Elon Musk Announces xAI's Grok 3 to be Released by Year-End, Trained with 100,000 NVIDIA H100 Accelerator Cards
xAI, a artificial intelligence technology development company founded by Elon Musk, has been working on its flagship product, Grok, which has already been integrated into X/Twitter for X Premium subscribers.
Today, Elon Musk announced that xAI's Grok 2 will be released in August, followed by the more powerful Grok 3 by the end of the year. It is likely that the main training content has already been completed.
Notably, xAI has used 100,000 NVIDIA H100 AI accelerator cards for training, which is an unimaginable scale in terms of purchasing cost and electricity fees.
Why did Musk emphasize the use of such a large number of accelerator cards for training? This is because Cohere CEO Aidan Gomez pointed out that many models are trained based on OpenAI's output, rather than being trained by the companies themselves.
Aidan Gomez highlighted the significant difference between models trained using OpenAI's output and those trained by AI companies themselves. Users can feel the difference between these two types of models.
Musk agrees with Aidan Gomez's view, stating that for AI companies, if they collect and train data themselves, an unavoidable step is to clean the data, as much of it is garbage data that cannot be used for AI model training. AI companies need to spend a lot of time and effort cleaning the data to leave useful data for model training. xAI's Grok 2 training data is all collected and cleaned by themselves, and Musk claims that Grok 2 has made significant progress in this regard.

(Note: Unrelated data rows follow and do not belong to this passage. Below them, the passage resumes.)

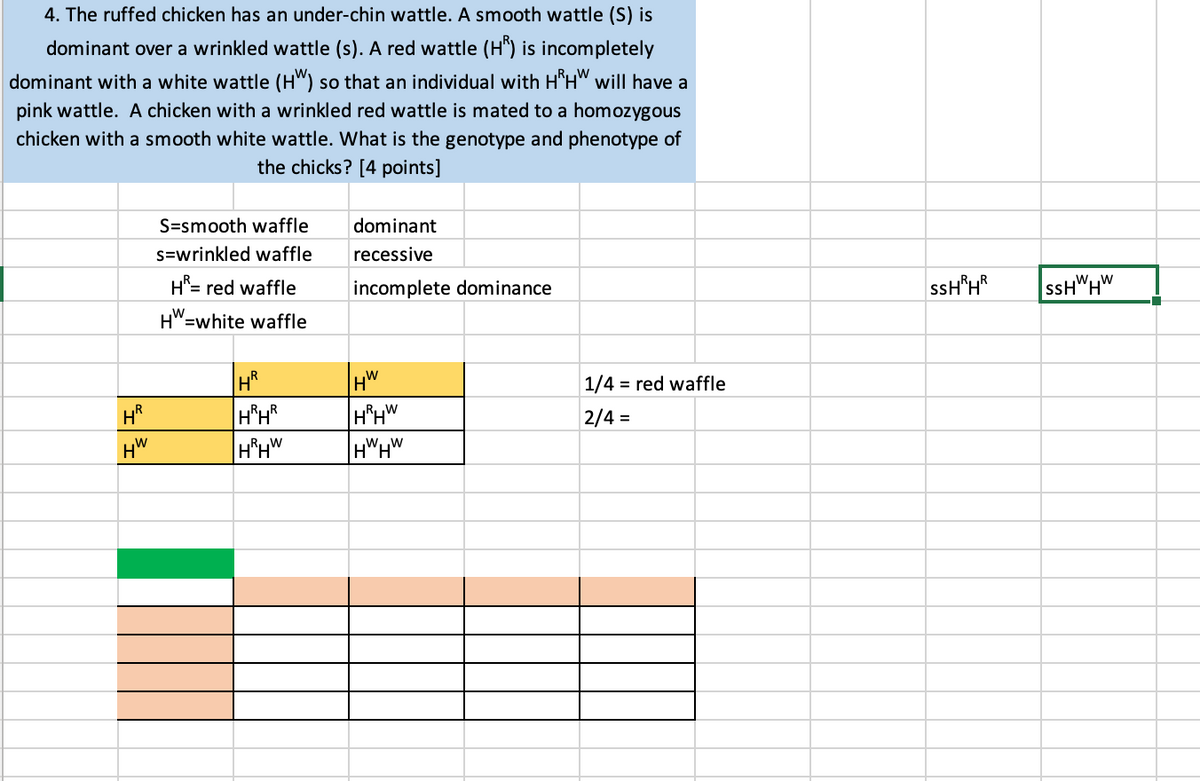 4. The ruffed chicken has an under-chin wattle. A smooth wattle (S) is
dominant over a wrinkled wattle (s). A red wattle (H") is incompletely
dominant with a white wattle (H") so that an individual with H*HW will have a
pink wattle. A chicken with a wrinkled red wattle is mated to a homozygous
chicken with a smooth white wattle. What is the genotype and phenotype of
the chicks? [4 points]
S=smooth waffle
dominant
s=wrinkled waffle
recessive
H= red waffle
incomplete dominance
ssH*H*
ssH"HW
3D
HW=white waffle
1/4 = red waffle
2/4 =
HW
HWHW
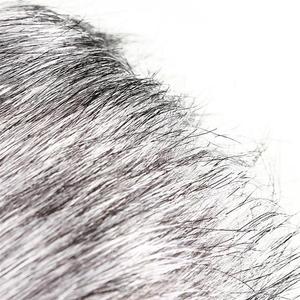 Zoom H4N <span class=keywords><strong>H2N</strong></span> accesorio de grabadora cubierta de micrófono de mano Manguito protector de manga de parabrisas para uso en estudio - Product Image 5
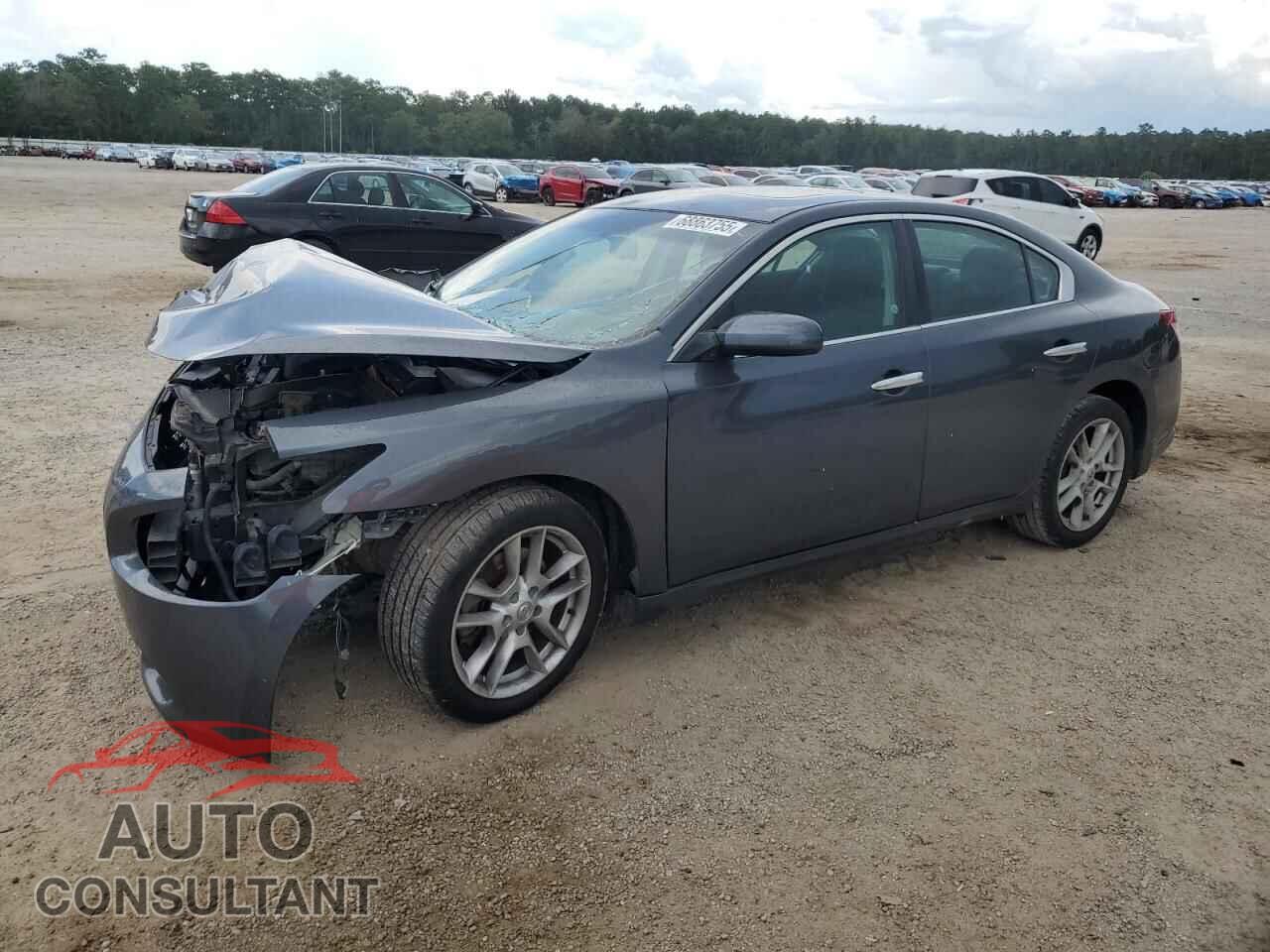 NISSAN MAXIMA 2011 - 1N4AA5AP8BC817055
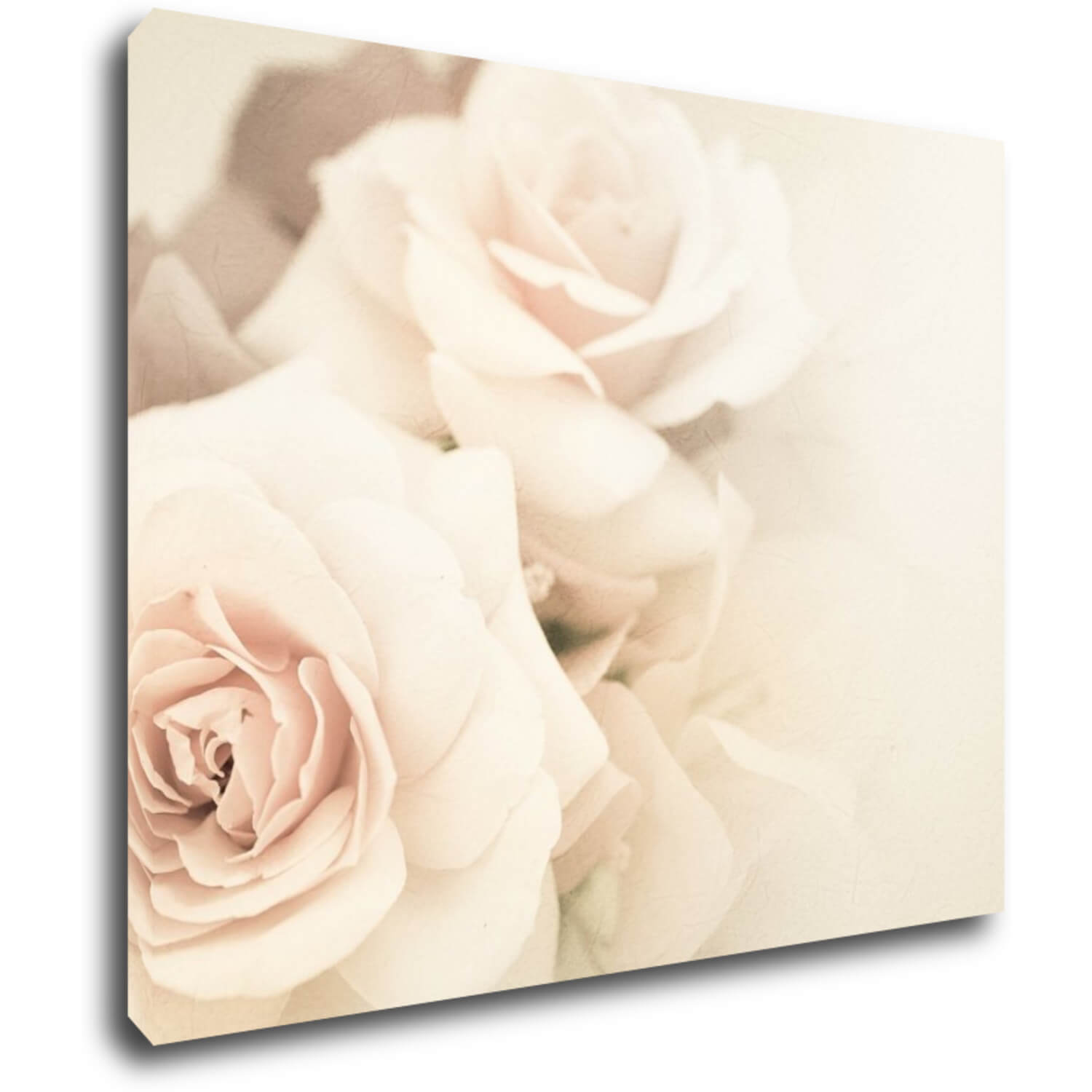 Kép White roses - 90 x 70 cm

Currently, using OpenAI's output to train AI models seems to be a popular approach, as AI companies only need to pay API fees to obtain large amounts of data from OpenAI, which can then be used to train AI models directly, without the need for complex data cleaning. However, models trained in this way may have limited capabilities.
The latest version of Grok, version 1.5, was released in March, which improved inference capabilities and provided 128K context. In benchmark tests, Grok 1.5 was slightly inferior to GPT-4, but the gap was not significant. In HumanEval tests, it even surpassed GPT-4.